The core of the problem query was

SELECT * INTO snapshot_table FROM
  (SELECT ... FROM  tableA A LEFT  OUTER JOIN tableB B ON (A.lsid = B.lsid) and A.datasetid = ? )  query1

the join column, lsid, is a poor choice for a join column as it is a long varchar value (avg length 101 characters) that us only gets unique way out on the right hand side.  But we are stuck with this choice.  I can post the SQL query and table definitions if it will help, but changes to either of those would be risky and difficult, whereas setting the work_mem value or forcing nested loop joins is less risky. 

The Performance curve looks something like this

Join Type      work_mem(MB)     time to populate snapshot (min)
______________________________________________________________
Hash              50                        85
Hash              200                       38
Hash              400                       21
Hash              500                       12
Hash             1000                       12
_______________________________________________________________
NestedLoop        50                        15
NestedLoop        200                       11
NestedLoop        400                       11
NestedLoop        500                       10
NestedLoop       1000                       10
________________________________________________________

Table A contains about 3.5 million rows, and table B contains about 4.4 million rows.  By looking at the EXPLAIN ANALYZE reports I concluded that the planner seemed to be accurately determining the approximate number of rows returned on each side of the join node.  I also noticed that at the work_mem = 50 test, the hash join query execution was using over a GB of space in the pgsql_tmp, space that grew and shrank slowly over the course of the test.

Now for the questions:
1)  If we tell the customer to set his work_mem value to 500MB or 1GB in postgres.config, what problems might they see?  the documentation and the guidelines we received from Rupinder Singh in support suggest a much lower value, e.g. a max work_mem of 10MB.  Other documentation such as the "Guide to Posting Slow Query Questions" suggest at least testing up to 1GB.  What is a reasonable maximum to configure for all connnections?

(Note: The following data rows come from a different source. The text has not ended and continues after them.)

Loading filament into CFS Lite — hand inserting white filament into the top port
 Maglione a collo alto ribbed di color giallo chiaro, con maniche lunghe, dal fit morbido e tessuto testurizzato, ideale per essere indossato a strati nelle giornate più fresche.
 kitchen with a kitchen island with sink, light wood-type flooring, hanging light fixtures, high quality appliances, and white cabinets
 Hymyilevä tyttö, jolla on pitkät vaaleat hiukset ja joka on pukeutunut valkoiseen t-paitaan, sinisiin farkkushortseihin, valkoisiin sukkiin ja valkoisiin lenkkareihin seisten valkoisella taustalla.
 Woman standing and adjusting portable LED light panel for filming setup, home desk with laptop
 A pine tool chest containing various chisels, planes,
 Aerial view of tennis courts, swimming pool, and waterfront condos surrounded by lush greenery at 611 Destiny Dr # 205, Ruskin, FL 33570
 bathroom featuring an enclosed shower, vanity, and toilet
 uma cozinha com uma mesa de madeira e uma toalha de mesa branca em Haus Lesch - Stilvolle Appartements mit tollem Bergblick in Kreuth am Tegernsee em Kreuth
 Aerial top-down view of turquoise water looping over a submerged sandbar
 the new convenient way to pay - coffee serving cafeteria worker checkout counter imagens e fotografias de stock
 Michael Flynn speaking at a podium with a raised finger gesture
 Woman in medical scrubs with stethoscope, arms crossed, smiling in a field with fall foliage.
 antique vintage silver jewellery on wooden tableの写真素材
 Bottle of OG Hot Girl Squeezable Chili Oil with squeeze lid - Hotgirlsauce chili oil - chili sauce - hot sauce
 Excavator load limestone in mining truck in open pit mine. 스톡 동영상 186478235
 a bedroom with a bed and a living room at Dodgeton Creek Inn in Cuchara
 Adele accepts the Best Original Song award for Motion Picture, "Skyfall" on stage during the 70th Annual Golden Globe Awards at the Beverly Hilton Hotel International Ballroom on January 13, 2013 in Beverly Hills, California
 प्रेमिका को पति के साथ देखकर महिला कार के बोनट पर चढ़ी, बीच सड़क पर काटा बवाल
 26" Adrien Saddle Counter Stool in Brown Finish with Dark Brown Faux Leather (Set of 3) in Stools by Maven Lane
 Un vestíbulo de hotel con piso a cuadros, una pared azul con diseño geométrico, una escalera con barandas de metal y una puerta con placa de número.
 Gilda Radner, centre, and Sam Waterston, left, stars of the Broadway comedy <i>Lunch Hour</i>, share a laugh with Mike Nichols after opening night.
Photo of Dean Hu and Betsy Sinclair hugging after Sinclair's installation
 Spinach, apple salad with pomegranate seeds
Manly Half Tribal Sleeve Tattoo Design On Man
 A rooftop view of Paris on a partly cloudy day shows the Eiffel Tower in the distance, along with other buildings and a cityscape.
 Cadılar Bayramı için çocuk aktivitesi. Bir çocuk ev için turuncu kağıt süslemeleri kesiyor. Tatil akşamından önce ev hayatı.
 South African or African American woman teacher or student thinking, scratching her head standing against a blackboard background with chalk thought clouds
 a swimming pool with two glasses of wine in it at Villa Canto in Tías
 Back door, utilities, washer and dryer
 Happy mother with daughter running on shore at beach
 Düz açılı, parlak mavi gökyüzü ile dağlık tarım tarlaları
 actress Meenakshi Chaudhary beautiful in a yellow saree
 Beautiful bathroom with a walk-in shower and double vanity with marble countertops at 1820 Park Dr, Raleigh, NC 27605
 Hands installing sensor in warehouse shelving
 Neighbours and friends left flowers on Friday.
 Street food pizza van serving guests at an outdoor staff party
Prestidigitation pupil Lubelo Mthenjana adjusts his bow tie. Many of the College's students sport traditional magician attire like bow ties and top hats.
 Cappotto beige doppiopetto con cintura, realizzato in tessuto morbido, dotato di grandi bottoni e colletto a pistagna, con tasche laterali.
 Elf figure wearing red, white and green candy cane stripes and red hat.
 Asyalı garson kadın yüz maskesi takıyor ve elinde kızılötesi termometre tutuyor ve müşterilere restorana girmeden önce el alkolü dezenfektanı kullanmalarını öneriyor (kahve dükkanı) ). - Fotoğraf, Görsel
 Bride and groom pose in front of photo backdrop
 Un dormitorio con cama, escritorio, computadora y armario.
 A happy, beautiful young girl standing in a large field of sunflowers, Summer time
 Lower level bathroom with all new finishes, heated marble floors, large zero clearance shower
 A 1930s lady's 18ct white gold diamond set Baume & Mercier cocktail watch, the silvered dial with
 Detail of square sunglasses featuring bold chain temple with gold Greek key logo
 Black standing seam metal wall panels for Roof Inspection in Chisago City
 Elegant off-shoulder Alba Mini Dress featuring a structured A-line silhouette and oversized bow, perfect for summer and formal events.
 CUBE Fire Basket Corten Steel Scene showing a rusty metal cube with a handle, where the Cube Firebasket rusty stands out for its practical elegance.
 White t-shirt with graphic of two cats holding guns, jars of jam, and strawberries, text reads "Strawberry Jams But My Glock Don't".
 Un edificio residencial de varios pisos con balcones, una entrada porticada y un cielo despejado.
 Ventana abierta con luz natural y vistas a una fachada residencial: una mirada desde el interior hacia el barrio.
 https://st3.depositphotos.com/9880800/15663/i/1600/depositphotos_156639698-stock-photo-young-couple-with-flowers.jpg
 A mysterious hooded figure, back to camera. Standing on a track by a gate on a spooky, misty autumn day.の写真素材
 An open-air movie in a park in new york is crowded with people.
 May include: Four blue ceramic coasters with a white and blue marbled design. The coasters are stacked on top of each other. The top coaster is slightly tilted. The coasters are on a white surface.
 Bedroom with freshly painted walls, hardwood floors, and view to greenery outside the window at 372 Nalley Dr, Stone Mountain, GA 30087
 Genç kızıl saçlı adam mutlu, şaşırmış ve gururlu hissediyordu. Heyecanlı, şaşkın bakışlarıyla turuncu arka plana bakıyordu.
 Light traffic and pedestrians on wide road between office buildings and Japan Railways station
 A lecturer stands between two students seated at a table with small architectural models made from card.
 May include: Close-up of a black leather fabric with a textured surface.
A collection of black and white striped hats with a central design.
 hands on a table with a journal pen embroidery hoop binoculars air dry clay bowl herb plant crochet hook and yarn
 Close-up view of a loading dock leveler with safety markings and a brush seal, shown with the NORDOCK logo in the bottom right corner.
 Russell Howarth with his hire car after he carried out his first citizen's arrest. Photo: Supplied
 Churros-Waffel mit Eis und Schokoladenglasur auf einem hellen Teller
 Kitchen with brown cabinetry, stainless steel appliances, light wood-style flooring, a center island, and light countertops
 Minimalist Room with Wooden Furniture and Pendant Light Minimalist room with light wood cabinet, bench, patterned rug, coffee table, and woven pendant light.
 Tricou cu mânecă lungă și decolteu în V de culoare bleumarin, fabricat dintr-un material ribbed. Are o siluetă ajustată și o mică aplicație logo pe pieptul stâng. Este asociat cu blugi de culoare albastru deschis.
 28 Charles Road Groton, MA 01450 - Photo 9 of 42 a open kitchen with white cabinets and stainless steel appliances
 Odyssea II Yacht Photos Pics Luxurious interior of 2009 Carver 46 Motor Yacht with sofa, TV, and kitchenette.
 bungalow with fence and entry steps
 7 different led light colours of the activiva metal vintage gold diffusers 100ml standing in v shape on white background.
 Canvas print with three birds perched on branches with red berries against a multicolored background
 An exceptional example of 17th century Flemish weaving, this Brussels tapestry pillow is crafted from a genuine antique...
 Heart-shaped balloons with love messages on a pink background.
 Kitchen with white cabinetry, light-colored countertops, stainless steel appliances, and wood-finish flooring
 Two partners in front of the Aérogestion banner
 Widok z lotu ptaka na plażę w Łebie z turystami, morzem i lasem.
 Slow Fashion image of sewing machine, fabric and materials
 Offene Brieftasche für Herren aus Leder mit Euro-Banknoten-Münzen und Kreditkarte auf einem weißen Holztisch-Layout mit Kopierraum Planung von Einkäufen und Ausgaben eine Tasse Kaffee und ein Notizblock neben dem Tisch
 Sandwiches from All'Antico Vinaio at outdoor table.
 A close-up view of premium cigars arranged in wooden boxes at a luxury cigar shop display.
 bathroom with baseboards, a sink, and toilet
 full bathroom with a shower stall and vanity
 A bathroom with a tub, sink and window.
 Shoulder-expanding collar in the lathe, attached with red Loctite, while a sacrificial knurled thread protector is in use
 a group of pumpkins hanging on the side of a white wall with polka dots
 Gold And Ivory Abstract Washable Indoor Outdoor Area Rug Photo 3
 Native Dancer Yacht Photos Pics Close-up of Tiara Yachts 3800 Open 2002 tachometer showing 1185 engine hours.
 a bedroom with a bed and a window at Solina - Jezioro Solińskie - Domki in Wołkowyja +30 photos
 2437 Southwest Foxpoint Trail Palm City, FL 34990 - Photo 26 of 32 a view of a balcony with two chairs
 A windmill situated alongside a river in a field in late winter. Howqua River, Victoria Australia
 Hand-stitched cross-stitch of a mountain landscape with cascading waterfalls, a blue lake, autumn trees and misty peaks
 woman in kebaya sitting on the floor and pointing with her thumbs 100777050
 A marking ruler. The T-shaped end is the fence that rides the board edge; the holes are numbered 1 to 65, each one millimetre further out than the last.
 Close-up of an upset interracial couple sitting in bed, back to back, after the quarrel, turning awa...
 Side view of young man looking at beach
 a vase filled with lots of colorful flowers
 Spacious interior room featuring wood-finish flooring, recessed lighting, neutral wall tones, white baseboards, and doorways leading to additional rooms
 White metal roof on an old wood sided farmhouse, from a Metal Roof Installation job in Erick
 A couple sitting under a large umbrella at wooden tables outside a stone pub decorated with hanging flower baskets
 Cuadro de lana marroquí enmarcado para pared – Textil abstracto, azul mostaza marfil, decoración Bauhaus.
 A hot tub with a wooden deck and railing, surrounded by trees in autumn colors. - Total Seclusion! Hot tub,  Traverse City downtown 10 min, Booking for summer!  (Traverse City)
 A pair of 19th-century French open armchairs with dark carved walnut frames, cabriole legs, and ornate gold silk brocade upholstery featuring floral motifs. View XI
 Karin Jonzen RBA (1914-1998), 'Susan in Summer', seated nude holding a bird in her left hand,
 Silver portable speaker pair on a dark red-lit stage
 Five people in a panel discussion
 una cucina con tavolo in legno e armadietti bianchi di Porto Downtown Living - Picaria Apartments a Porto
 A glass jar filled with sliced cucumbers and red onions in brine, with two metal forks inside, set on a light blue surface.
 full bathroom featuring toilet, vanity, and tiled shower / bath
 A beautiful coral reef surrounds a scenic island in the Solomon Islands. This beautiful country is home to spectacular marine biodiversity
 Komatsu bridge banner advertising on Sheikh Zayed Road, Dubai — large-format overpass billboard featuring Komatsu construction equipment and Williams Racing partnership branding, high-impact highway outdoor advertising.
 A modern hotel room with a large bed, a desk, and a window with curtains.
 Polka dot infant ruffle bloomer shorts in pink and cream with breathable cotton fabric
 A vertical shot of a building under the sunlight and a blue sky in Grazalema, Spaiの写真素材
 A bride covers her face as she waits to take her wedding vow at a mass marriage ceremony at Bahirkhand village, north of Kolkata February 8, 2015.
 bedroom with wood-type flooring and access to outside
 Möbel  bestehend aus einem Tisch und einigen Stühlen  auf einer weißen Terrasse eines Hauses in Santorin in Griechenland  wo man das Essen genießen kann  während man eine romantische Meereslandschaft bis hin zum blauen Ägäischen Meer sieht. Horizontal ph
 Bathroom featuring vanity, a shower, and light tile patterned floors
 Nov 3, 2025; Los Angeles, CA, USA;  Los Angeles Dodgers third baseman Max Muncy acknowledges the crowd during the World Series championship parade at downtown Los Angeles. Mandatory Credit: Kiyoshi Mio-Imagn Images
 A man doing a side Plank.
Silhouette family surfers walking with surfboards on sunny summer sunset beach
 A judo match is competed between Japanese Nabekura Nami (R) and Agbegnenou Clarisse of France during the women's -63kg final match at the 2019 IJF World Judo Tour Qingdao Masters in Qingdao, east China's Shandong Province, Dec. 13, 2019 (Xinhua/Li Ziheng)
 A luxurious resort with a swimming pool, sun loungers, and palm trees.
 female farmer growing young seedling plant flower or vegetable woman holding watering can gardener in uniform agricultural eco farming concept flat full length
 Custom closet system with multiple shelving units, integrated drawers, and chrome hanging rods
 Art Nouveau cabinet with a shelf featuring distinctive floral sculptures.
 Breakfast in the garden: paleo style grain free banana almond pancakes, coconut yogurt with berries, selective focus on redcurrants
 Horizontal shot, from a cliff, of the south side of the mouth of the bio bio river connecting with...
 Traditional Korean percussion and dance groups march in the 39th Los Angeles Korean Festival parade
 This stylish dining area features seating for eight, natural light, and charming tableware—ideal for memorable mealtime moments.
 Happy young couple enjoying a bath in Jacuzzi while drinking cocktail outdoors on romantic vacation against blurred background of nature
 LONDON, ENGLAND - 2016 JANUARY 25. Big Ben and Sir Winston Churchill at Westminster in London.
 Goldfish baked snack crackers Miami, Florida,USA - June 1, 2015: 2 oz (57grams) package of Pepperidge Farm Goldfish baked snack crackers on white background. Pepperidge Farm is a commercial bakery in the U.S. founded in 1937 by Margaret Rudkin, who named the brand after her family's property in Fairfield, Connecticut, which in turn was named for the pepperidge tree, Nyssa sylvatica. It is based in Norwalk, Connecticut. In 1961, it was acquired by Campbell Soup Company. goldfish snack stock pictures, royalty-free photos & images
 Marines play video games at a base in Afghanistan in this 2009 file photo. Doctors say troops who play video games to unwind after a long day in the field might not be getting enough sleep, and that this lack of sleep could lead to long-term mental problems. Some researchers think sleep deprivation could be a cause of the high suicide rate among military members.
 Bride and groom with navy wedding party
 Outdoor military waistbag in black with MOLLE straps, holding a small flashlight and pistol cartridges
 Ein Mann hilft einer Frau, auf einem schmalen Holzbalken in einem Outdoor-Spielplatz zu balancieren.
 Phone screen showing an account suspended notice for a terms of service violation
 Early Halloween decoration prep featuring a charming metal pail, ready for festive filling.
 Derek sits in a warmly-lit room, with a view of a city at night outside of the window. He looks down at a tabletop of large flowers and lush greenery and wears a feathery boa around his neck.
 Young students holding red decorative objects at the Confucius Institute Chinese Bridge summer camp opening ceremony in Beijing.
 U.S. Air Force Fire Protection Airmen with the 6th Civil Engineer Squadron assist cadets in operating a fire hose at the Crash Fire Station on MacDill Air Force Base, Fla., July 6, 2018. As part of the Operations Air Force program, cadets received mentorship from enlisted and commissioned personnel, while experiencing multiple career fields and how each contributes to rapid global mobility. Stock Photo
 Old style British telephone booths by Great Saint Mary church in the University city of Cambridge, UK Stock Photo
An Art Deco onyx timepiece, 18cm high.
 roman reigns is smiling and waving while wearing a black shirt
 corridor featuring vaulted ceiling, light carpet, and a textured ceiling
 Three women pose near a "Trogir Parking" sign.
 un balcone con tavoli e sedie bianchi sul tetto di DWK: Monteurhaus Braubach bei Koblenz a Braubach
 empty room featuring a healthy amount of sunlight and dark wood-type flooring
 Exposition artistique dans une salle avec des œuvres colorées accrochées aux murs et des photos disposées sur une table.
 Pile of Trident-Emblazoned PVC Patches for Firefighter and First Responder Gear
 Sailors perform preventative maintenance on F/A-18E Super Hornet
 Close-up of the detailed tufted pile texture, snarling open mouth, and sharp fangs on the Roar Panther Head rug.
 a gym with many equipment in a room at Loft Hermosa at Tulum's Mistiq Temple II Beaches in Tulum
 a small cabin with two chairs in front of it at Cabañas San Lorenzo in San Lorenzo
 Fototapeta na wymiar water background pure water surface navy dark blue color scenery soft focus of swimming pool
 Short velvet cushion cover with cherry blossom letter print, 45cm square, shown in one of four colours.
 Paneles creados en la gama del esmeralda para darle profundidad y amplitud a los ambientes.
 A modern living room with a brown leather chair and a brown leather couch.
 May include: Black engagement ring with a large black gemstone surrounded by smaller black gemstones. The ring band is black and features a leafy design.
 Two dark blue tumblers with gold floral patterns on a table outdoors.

2) How is work_mem used by a query execution?  For example, does each hash table in an execution get allocated a full work_mem's worth of memory ?   Is this memory released when the query is finished, or does it stay attached to the connection or some other object?

3) is there a reason why the planner doesn't seem to recognize the condition when the hash table won't fit in the current work_mem, and choose a low-memory plan instead?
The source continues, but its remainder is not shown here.